>>>

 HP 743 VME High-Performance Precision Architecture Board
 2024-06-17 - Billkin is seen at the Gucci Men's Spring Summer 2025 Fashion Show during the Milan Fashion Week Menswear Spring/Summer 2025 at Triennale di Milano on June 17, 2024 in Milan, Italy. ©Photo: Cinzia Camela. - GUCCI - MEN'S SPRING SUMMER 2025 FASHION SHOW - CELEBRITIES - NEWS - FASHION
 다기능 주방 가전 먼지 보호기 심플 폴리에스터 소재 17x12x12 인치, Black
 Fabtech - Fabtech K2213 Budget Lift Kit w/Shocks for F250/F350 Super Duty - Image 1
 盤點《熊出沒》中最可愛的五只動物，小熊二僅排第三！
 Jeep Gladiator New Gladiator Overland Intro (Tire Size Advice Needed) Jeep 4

<<<
>>>

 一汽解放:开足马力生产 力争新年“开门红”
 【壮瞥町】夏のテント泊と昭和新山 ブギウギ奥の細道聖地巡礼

<<<

_ACTIVITY:_
In the entries above, one line contains "HP 743 VME High-Performance" and another contains "Jeep Gladiator New". Reproduce exactly those two lines and the lines between them, nothing else.

_SOLUTION FOR THIS TASK:_
 HP 743 VME High-Performance Precision Architecture Board
 2024-06-17 - Billkin is seen at the Gucci Men's Spring Summer 2025 Fashion Show during the Milan Fashion Week Menswear Spring/Summer 2025 at Triennale di Milano on June 17, 2024 in Milan, Italy. ©Photo: Cinzia Camela. - GUCCI - MEN'S SPRING SUMMER 2025 FASHION SHOW - CELEBRITIES - NEWS - FASHION
 다기능 주방 가전 먼지 보호기 심플 폴리에스터 소재 17x12x12 인치, Black
 Fabtech - Fabtech K2213 Budget Lift Kit w/Shocks for F250/F350 Super Duty - Image 1
 盤點《熊出沒》中最可愛的五只動物，小熊二僅排第三！
 Jeep Gladiator New Gladiator Overland Intro (Tire Size Advice Needed) Jeep 4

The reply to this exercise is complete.